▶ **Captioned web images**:
☆ ☆ ☆ ☆ ☆ ☆ ☆
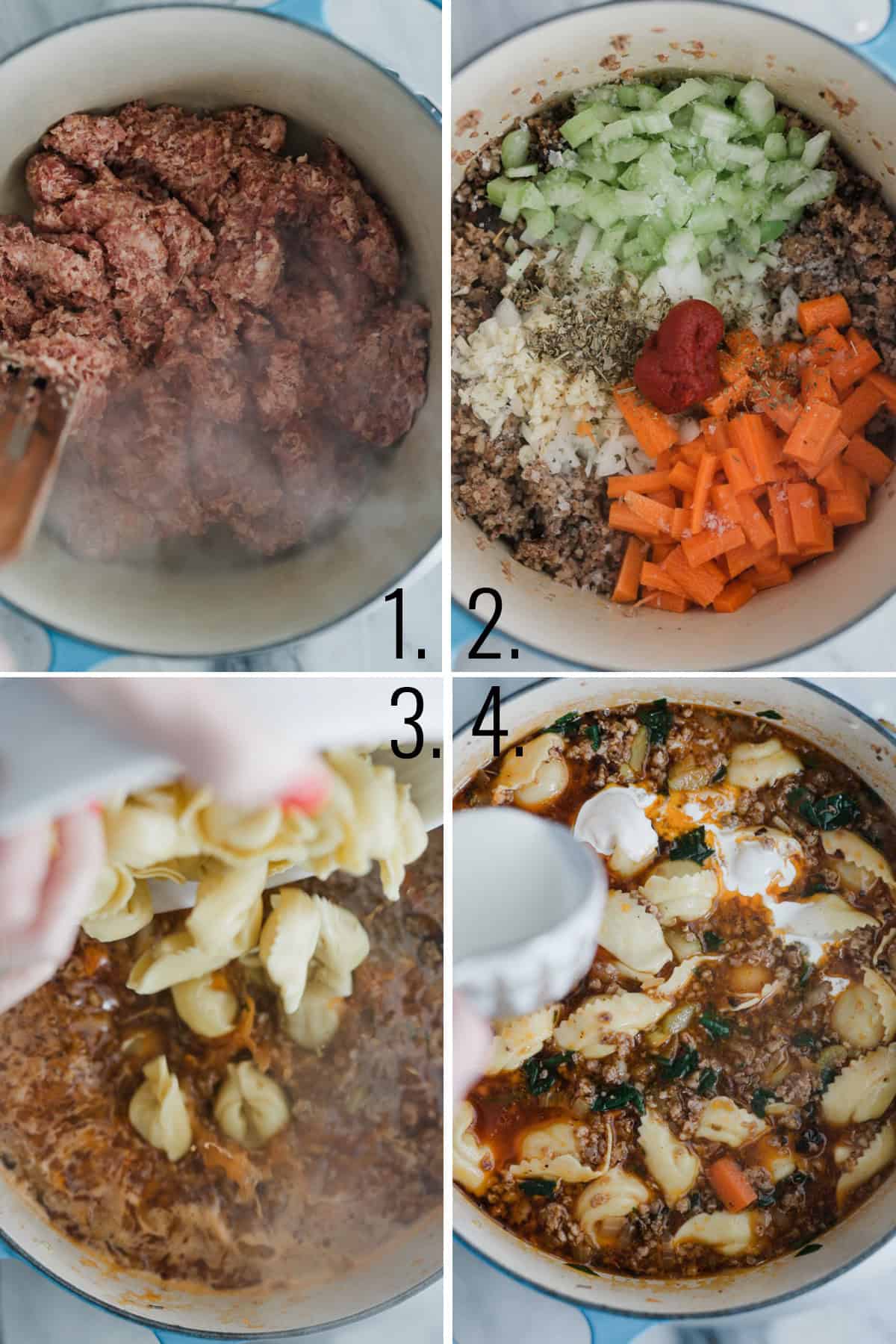 A collage of the steps for making sausage tortellini soup. 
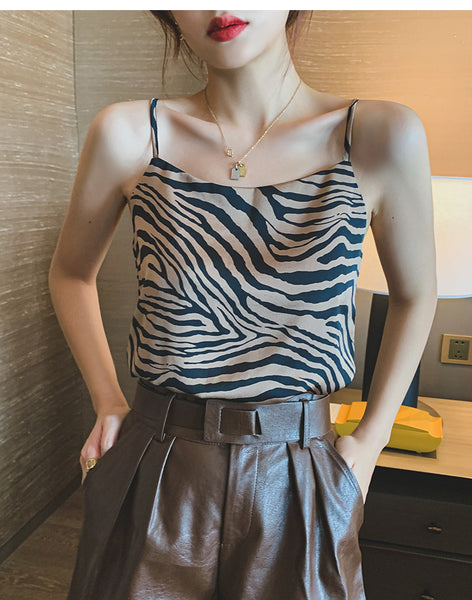 Women Comfort Beautiful Fashion Sleeveless Spaghetti Strap Striped Retro Chiffon Sling Vest Crop Tank Top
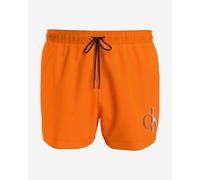 Calvin Klein Short Drawstring Graphic CK Monogram Swim Shorts Orange Black - S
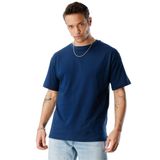 Erkek Oversize Fit%100 Organik Pamuk Bisiklet Yaka Tişört OVERSIZE-ERKEK-T-SHIRT İndigo S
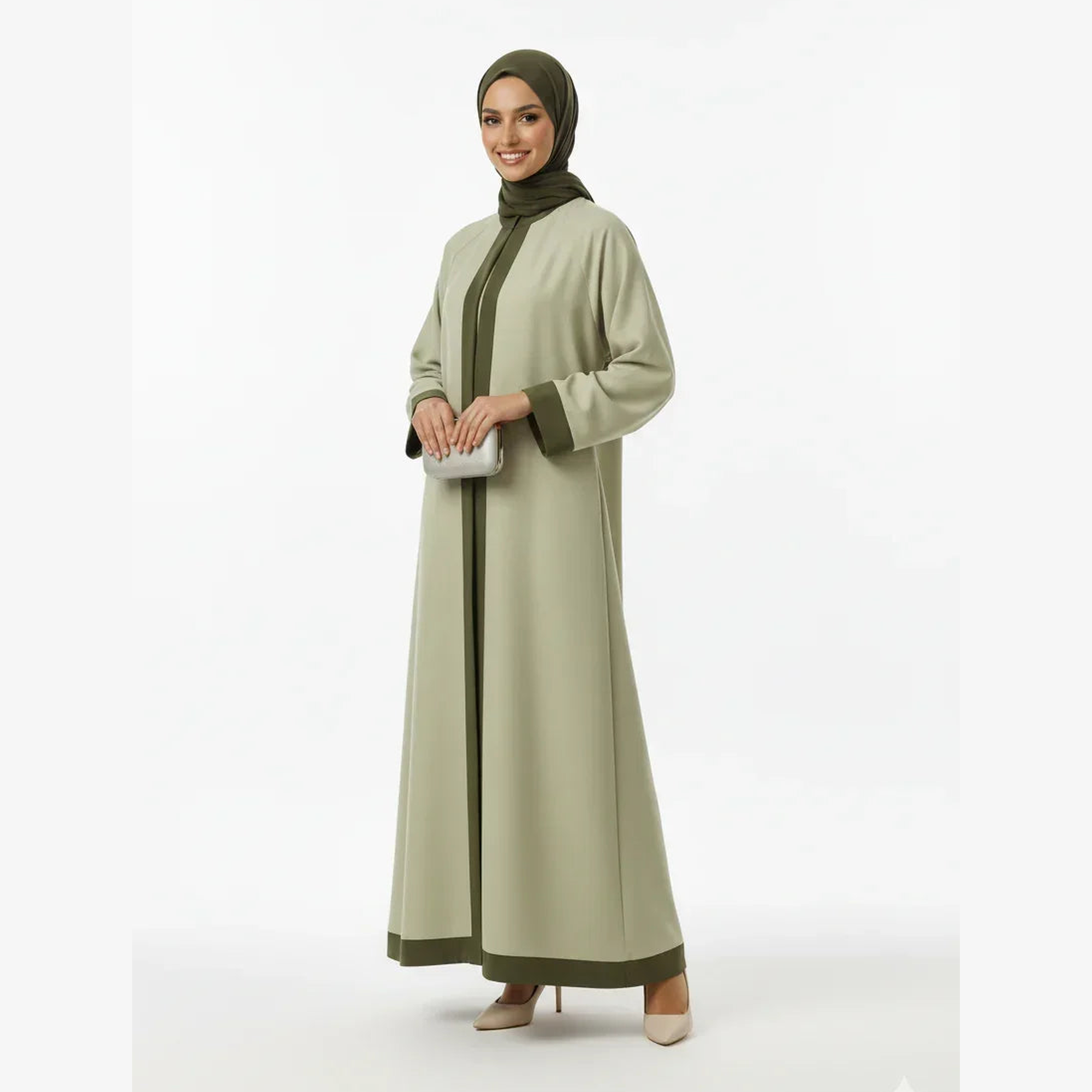 Woman in olive green modest abaya and hijab, holding clutch, ZAHRA'S BEST fashion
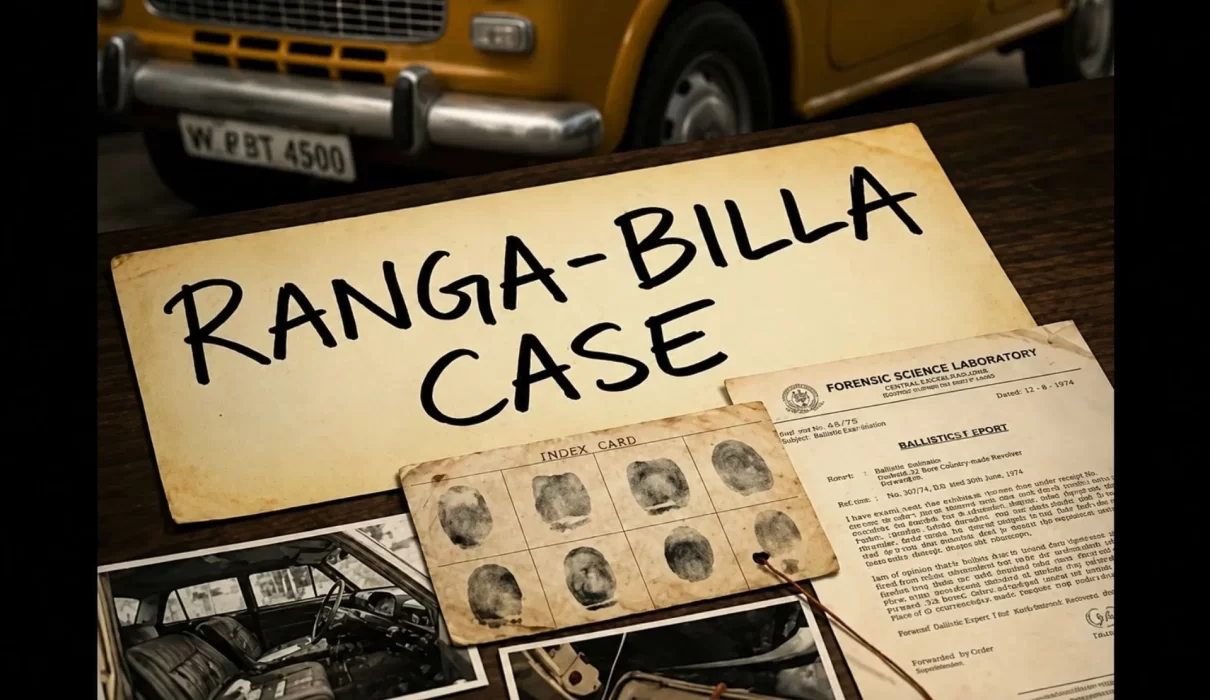 Ranga Billa case story with case files, fingerprint evidence, forensic documents, photographs, and a vintage yellow car on a detective desk.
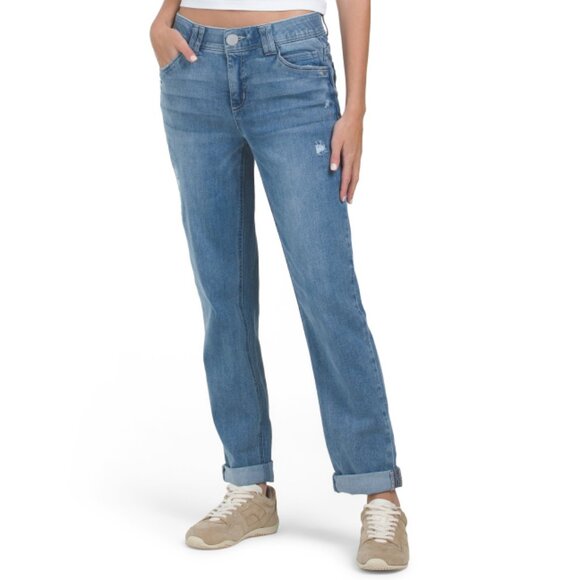 DEMOCRACY light blue Ab Tech Girlfriend Cuffed Vintage Jeans - Picture 1 of 2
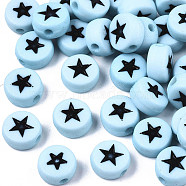 Opaque Acrylic Beads, with Enamel, Flat Round with Star, Sky Blue, 7x4mm, Hole: 1.5mm(X-MACR-N008-32H)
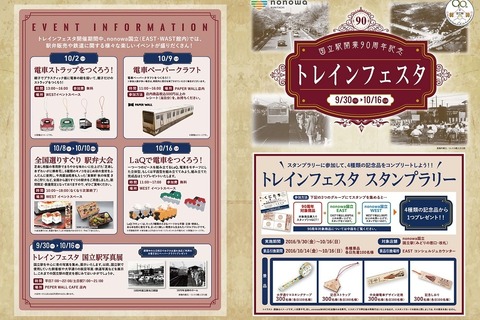国立駅開業90周年記念でワークショップや駅弁大会9/30より 画像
☆ ☆ ☆ ☆ ☆ ☆ ☆
▶ **Task instructions**: Give back each line above exactly, with pictures dropped.

▶ **Exercise output**:
 A collage of the steps for making sausage tortellini soup. 
 Women Comfort Beautiful Fashion Sleeveless Spaghetti Strap Striped Retro Chiffon Sling Vest Crop Tank Top
 Calvin Klein Short Drawstring Graphic CK Monogram Swim Shorts Orange Black - S
 Erkek Oversize Fit%100 Organik Pamuk Bisiklet Yaka Tişört OVERSIZE-ERKEK-T-SHIRT İndigo S
 Woman in olive green modest abaya and hijab, holding clutch, ZAHRA'S BEST fashion
 Ranga Billa case story with case files, fingerprint evidence, forensic documents, photographs, and a vintage yellow car on a detective desk.
 DEMOCRACY light blue Ab Tech Girlfriend Cuffed Vintage Jeans - Picture 1 of 2
 Opaque Acrylic Beads, with Enamel, Flat Round with Star, Sky Blue, 7x4mm, Hole: 1.5mm(X-MACR-N008-32H)
国立駅開業90周年記念でワークショップや駅弁大会9/30より 画像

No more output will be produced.